Please keep the pictures out and write out exactly the lines from the first in the data below through the one containing "Nova odluka o", both included.

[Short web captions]
-- Opening Marker --
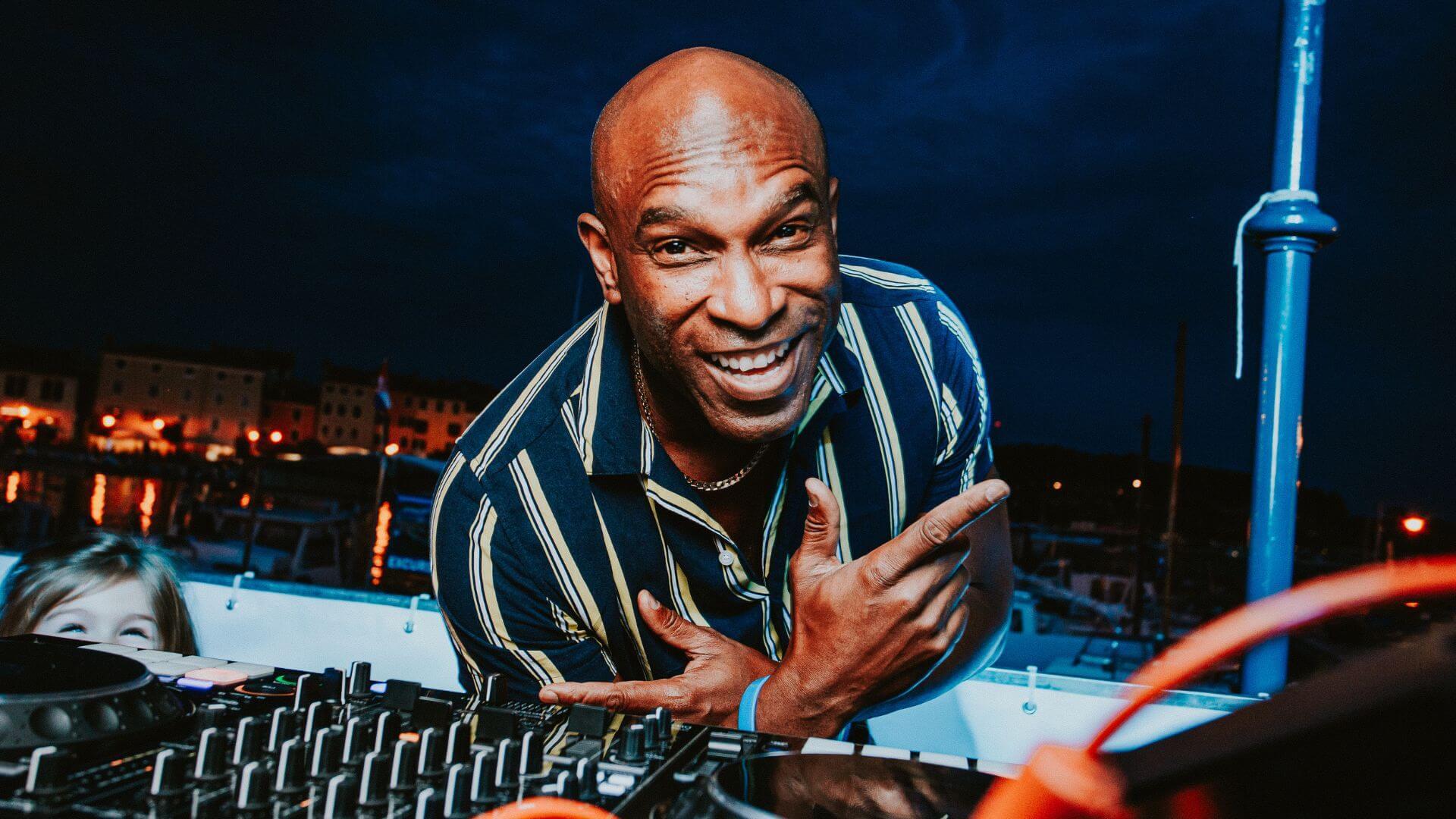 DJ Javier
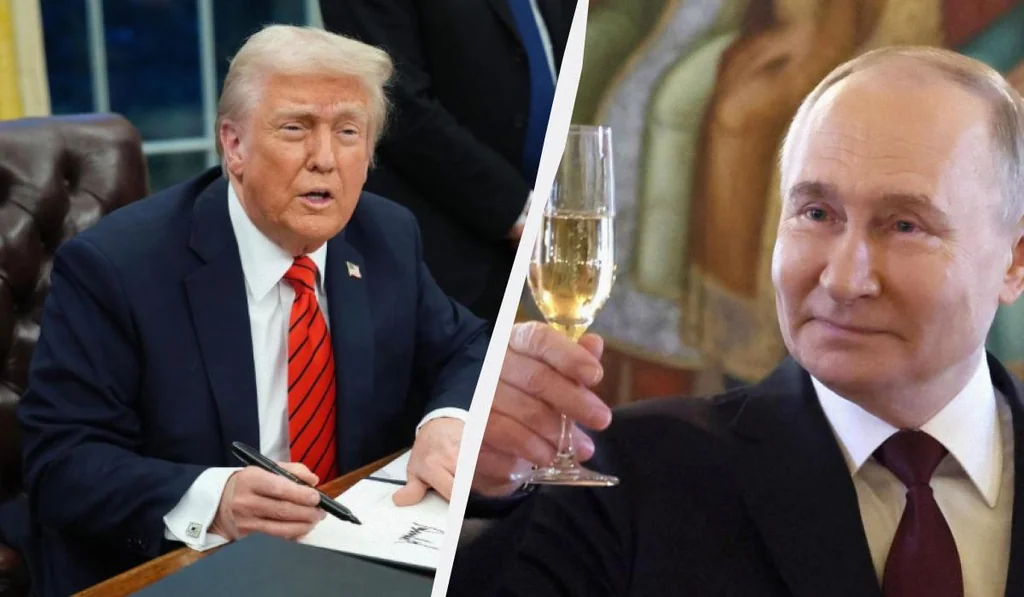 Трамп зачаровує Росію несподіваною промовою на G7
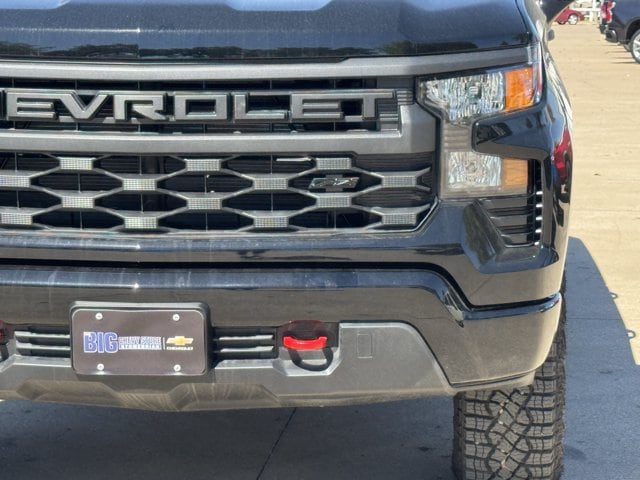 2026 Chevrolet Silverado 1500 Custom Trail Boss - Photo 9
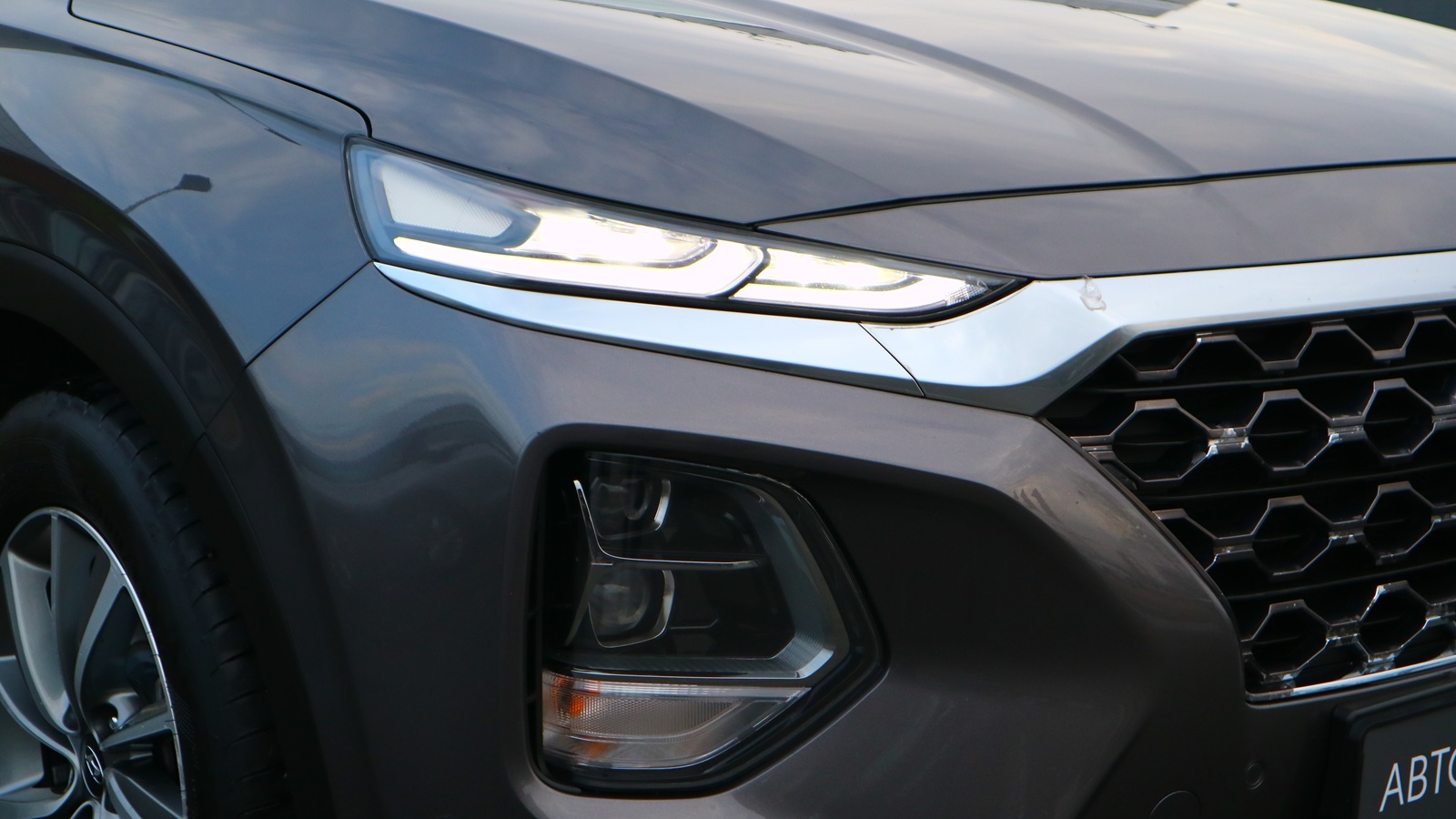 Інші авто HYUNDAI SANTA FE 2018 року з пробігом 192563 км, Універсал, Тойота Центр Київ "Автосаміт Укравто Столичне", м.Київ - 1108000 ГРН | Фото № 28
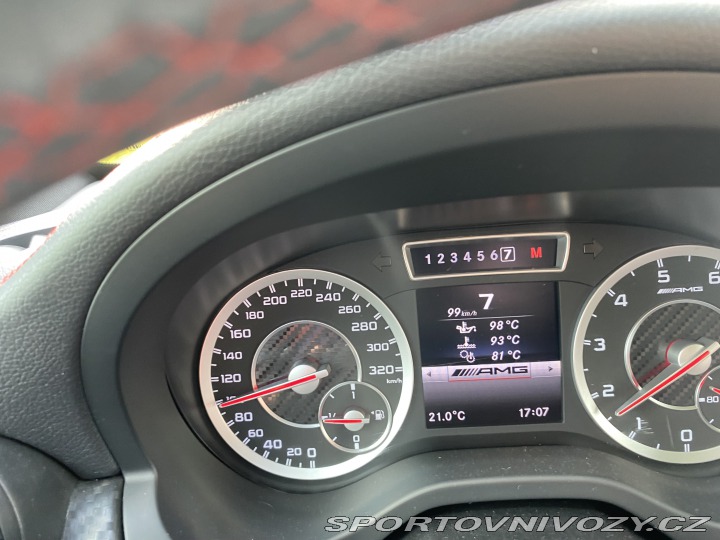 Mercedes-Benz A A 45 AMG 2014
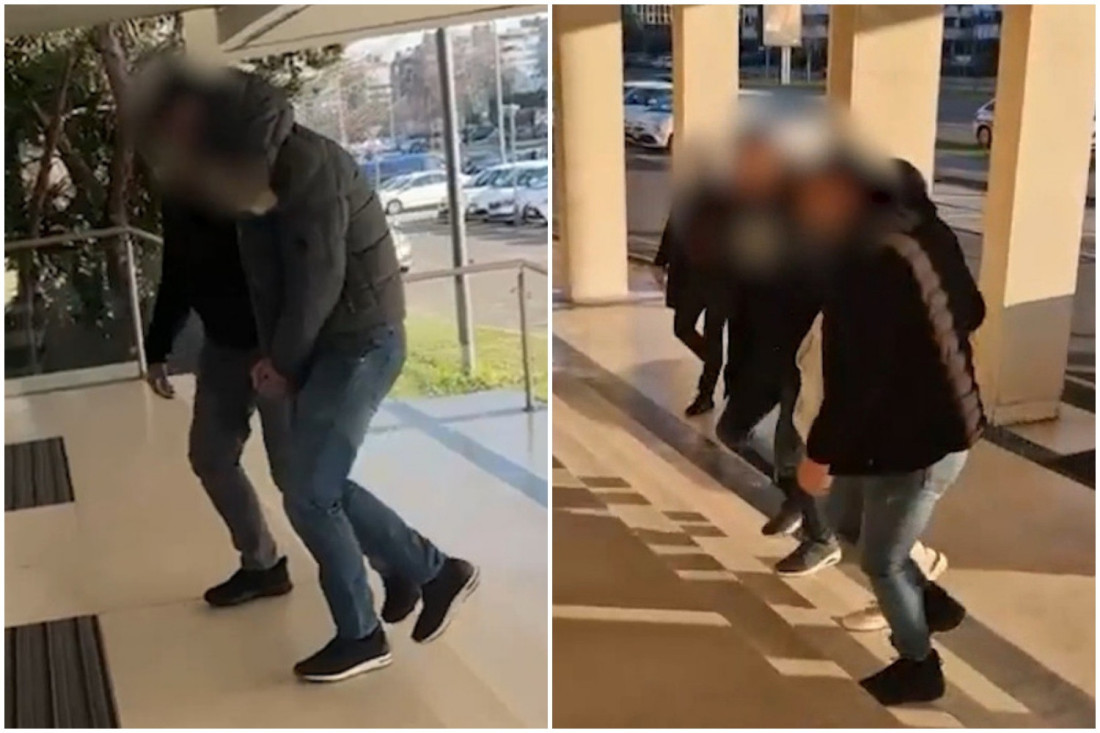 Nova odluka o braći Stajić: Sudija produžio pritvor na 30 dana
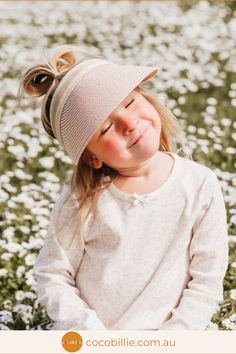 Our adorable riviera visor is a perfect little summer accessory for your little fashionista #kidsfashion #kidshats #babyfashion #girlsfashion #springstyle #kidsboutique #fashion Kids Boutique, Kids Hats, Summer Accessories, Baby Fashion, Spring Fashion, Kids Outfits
-- Closing Marker --
RESULT OF THIS TASK:
 DJ Javier
 Трамп зачаровує Росію несподіваною промовою на G7
 2026 Chevrolet Silverado 1500 Custom Trail Boss - Photo 9
 Інші авто HYUNDAI SANTA FE 2018 року з пробігом 192563 км, Універсал, Тойота Центр Київ "Автосаміт Укравто Столичне", м.Київ - 1108000 ГРН | Фото № 28
 Mercedes-Benz A A 45 AMG 2014
 Nova odluka o braći Stajić: Sudija produžio pritvor na 30 dana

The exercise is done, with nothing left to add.